Requirements
Functional Requirements:
- Create a short URL for a given long URL.
- Return the long URL associated with a given short URL.
Non-Functional Requirements:
- Latency for returning long URL associated with give short URL should be very low, as user should not feed any kind of lag when he clicks on short url
- We are going with this design philosophy that once a short url is created , we can't edit anything in it like at what time it should expire, what is long url for that short url, etc.
API Design
GET(short-url)-> long-url
POST(long-url)-> short-url
High-Level Design
Two Major APIs
- Get API - we will get a request for short url, with short identifier in it. this api will not be authenticated
- POST Api - this will be authenticated api( user should first login to create a short url). We will be provided , user data , date and time, and long url in this api. And in return we will provide a short url in response.
Detailed Component Design
Creation Layer( for creating a short url for provided long url)
Once we will get a long url , we will generate a alphanumeric string with at most 7 character and then check if we have this mapping in a bloom filter , it will tell with 100% accuracy that this short identifier is not present. If it says that its present then we can check direct scylladb. Once our system confirms that this is not present , we will take a lock on this short identifier and if we get the lock then we can register it, then release the lock. If lock not found ,then we will create a key again and repeat this process.
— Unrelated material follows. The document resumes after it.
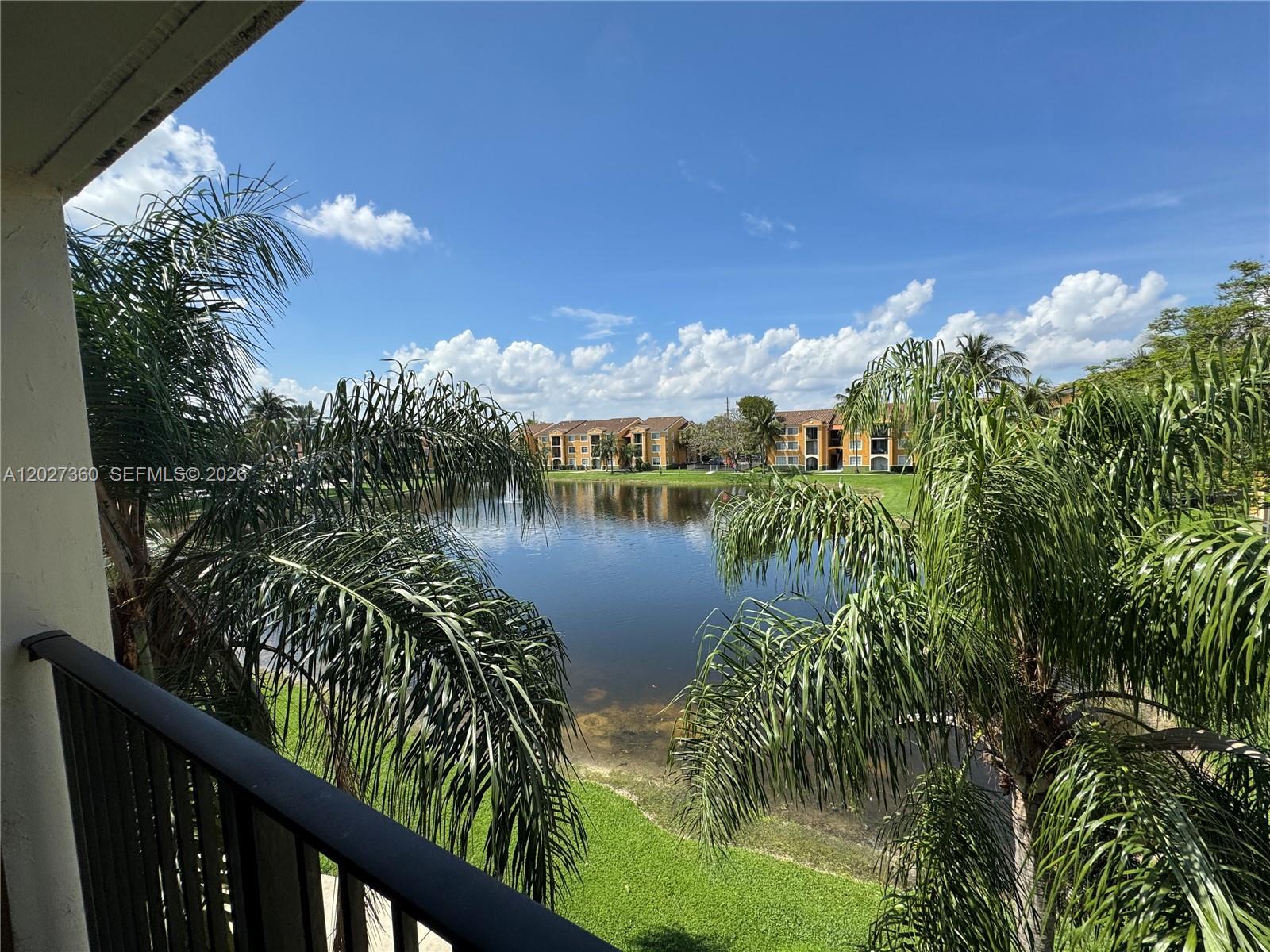 A balcony view overlooks a lake surrounded by palm trees and apartment buildings — 2200 E Preserve Way # 308, Miramar FL 33025, MIRAMAR, FL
Serving Layer( for short-url to long-url)
first we will check if this short identfier is present in bloom filter or not, if not present we will return 404, else we will check it.
We will have 3 layers where we will store data
- in memory cache, we will have LFU based evacuation policy in this so that only hot keys will be cached here
- Redis/Dragonfly -> In this we will store key value pair of short url to its long url (Whenever a key is accessed we will update its TTL ), so if a key has not been accessed for TTL period of time , then it will not present inside a cache
- Scylla DB:- If not found in redis as well , then we will search it and if found then we will first cache it in redis then in memory and then return it. If not found here also then 404.